The Consultation Paper presents two primary models for UNCRC incorporation, including direct incorporation or a ‘redrafted’ model – what the Government has termed ‘transposition’ (the all-encompassing Statutory human rights framework will not be discussed). While the consultation paper correctly notes that there is no single method of implementation, implementation and incorporation are two different legal concepts. Direct incorporation is the first step toward effective implementation while implementation represents the collective legal, policy and social initiatives that support the realisation of a right.
As has been consistently advocated by the Children and Young Peoples Commissioner for Scotland and the expert advisory group that has been working with the CYCPS, full and direct incorporation is the preferred model for realising children’s rights in Scotland. The draft Children’s Rights (Scotland) Bill was developed by a committee of experts on both children’s rights, Scots law and international law. The advisory group drew upon international children’s rights practice to craft the draft that is included in the Consultation Paper. It offers a framework of proactive and reactive components while incorporating the full text of the UNCRC into Scots law, defining the duty-bearers, the rights recipients and clarifying who may raise claims in the reactive sense if the government fails in its duties to children. It also acknowledges that devolved competence may limit the ability of the Scottish Government organs in certain circumstances and underscores that further detailed legislation will be necessary to give full effect to some of the rights.
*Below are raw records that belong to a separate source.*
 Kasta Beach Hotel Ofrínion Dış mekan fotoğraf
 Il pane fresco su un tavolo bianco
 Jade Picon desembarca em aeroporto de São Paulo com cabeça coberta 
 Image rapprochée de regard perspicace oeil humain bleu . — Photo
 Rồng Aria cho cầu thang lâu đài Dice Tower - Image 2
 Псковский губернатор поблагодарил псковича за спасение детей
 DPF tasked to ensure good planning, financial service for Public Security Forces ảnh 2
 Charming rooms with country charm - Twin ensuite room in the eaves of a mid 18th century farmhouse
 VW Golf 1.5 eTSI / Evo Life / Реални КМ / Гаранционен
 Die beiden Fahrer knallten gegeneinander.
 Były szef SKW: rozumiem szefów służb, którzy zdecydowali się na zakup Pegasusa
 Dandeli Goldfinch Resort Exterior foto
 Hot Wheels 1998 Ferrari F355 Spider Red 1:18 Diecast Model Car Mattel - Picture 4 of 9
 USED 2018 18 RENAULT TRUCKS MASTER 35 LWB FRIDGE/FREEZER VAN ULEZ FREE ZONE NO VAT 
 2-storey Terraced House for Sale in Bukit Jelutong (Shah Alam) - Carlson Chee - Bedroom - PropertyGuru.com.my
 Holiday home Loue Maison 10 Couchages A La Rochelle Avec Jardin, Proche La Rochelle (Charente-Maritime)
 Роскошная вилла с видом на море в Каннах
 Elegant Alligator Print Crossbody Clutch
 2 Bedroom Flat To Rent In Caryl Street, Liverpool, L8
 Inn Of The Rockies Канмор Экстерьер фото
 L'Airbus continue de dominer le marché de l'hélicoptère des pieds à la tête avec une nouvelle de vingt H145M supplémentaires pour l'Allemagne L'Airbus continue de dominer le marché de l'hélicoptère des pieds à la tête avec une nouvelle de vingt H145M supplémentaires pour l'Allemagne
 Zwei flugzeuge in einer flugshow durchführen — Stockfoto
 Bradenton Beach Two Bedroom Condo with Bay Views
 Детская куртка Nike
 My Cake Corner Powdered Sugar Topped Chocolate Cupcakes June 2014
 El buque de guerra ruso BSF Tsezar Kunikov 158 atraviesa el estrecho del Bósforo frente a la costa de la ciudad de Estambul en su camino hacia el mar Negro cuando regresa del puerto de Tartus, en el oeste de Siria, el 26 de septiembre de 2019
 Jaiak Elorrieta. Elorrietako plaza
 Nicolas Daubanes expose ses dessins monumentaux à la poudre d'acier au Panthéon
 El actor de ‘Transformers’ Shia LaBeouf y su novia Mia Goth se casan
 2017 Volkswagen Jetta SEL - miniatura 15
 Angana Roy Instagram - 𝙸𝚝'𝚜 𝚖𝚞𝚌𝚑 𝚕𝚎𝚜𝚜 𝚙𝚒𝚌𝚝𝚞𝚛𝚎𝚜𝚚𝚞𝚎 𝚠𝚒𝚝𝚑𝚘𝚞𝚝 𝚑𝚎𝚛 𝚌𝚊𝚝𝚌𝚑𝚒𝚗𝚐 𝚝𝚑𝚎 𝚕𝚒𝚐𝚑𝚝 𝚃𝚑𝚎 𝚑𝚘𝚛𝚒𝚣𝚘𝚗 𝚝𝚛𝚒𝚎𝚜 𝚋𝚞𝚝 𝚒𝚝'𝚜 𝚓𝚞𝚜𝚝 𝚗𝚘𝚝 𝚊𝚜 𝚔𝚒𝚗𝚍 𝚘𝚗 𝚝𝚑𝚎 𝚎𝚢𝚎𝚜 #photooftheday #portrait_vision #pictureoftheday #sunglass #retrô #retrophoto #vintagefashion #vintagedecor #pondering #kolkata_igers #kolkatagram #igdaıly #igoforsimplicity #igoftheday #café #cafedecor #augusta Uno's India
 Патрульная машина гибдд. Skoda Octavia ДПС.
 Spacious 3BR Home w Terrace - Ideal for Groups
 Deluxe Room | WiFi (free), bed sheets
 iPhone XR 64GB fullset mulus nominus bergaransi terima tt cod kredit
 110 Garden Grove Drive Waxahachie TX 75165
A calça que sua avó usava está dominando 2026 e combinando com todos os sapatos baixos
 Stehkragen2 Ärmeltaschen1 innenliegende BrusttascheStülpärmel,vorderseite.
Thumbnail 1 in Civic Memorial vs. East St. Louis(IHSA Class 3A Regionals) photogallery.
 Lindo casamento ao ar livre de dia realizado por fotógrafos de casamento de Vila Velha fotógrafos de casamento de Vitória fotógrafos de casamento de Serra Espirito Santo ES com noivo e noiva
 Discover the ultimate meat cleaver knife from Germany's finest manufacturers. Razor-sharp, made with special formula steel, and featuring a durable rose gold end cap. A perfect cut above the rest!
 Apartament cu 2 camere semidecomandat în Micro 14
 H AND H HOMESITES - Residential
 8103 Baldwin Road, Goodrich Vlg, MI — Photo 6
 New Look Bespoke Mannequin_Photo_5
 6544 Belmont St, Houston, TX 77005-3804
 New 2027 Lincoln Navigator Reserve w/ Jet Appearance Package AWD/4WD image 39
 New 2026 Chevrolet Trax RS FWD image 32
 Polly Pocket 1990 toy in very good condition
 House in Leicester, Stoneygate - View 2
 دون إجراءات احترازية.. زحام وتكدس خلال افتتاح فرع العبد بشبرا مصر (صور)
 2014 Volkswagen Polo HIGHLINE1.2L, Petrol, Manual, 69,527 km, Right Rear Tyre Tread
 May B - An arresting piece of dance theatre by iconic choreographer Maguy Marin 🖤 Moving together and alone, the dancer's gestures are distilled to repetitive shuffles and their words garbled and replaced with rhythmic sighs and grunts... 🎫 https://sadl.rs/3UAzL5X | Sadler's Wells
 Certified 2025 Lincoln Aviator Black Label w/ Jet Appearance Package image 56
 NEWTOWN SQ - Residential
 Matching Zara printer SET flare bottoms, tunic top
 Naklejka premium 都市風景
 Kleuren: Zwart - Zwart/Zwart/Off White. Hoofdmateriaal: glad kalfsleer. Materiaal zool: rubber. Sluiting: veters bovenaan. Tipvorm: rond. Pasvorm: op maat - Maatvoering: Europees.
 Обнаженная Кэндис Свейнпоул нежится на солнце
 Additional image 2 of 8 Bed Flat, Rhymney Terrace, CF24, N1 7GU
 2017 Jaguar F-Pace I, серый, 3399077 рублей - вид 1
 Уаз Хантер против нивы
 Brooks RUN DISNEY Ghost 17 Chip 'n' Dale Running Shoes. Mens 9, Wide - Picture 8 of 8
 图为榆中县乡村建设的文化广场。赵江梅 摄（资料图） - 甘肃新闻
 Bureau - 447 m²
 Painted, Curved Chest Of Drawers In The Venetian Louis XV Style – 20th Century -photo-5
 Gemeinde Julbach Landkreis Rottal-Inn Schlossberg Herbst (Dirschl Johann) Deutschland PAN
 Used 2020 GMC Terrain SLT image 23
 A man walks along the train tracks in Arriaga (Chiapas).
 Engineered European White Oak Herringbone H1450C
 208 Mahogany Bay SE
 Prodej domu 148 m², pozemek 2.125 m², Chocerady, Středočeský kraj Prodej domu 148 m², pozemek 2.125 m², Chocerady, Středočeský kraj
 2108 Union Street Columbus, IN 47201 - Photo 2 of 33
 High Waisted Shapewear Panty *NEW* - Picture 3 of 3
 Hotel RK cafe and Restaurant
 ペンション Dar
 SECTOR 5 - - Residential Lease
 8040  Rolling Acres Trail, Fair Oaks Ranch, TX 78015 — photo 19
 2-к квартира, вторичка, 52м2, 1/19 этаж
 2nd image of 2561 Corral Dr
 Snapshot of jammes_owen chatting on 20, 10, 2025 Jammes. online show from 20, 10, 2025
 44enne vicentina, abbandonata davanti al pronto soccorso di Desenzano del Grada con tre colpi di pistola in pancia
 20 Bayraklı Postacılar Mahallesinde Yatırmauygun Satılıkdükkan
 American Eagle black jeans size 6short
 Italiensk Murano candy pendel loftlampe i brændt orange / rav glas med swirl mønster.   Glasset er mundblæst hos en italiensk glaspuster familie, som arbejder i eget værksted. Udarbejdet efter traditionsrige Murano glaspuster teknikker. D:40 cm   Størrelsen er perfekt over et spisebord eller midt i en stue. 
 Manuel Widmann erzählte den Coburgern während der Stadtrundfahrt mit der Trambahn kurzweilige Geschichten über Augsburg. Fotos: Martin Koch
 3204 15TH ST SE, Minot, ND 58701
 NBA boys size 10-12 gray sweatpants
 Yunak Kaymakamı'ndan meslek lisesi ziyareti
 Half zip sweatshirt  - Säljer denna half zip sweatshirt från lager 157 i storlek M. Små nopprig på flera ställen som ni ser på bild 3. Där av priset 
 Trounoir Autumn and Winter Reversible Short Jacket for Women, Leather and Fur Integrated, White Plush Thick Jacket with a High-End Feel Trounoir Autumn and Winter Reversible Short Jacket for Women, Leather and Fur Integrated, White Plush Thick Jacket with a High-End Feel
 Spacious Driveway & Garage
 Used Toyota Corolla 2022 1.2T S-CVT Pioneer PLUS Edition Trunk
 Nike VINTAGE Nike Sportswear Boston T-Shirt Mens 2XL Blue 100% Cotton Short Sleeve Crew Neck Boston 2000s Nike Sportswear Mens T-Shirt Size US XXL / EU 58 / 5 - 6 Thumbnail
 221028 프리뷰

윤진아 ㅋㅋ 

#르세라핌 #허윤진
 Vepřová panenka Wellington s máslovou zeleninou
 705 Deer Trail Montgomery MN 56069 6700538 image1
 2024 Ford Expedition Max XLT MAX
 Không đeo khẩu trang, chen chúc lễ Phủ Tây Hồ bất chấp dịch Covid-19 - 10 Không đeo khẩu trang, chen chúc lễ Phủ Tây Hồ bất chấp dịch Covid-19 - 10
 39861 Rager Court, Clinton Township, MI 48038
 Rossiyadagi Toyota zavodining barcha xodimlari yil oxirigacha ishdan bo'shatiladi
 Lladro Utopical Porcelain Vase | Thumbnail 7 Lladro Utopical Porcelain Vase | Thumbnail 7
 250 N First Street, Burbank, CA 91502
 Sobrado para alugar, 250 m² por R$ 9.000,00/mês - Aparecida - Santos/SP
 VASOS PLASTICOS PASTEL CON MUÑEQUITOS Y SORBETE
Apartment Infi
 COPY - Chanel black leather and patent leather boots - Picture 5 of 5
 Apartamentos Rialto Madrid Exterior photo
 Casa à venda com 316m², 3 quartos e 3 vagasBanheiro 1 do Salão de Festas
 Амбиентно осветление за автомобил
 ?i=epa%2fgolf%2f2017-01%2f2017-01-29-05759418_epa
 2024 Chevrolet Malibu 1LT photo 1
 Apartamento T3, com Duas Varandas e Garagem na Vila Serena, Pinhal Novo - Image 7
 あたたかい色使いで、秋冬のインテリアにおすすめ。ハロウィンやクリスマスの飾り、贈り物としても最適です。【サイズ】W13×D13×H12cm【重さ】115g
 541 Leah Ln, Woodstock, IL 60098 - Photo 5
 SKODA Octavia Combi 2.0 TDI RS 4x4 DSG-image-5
The Consultation Paper demonstrates the confusion around incorporation as it uses the word ‘transposition’ incorrectly in introducing a second incorporation option. It is word that long has been used in the UK and internationally to identify legislative practice of taking a piece of international law – in this case the UNCRC – and embedding it directly into UK law much like the Human Rights Act model. ‘Transposition’ is not normally used to refer to the process of redefining the terminology of human rights conventions. Proposals to redraft the language of the UNCRC for the ‘Scottish context’ would result in unanchored, untested legalese as the UK courts have been referencing the legal opinions of the Committee on the Rights of the Child (which oversees the UNCRC) for a decade. Alternatively, the direct incorporation method has many advantages as it ensures the rights remain comparable to those in the UNCRC rather than a redrafted version, such as the ‘transposition’ option suggested in the consultation.
The UNCRC framework is a trusted reference point with an established, identifiable body of interpretive legal concepts and terminology not only in the UK but across the world. It gives extensive consideration to the basic needs of children across mainstream rights platforms as well as those children’s rights that are marginalised for any number of reasons. To be clear, the UNCRC is a floor, not a ceiling, and the language used in the Convention confirms that governments must do more than pay lip-service to the UNCRC. Direct incorporation is the key to fully delivering a legal landscape that promotes, protects and fulfils children’s rights and an environment where ALL children thrive.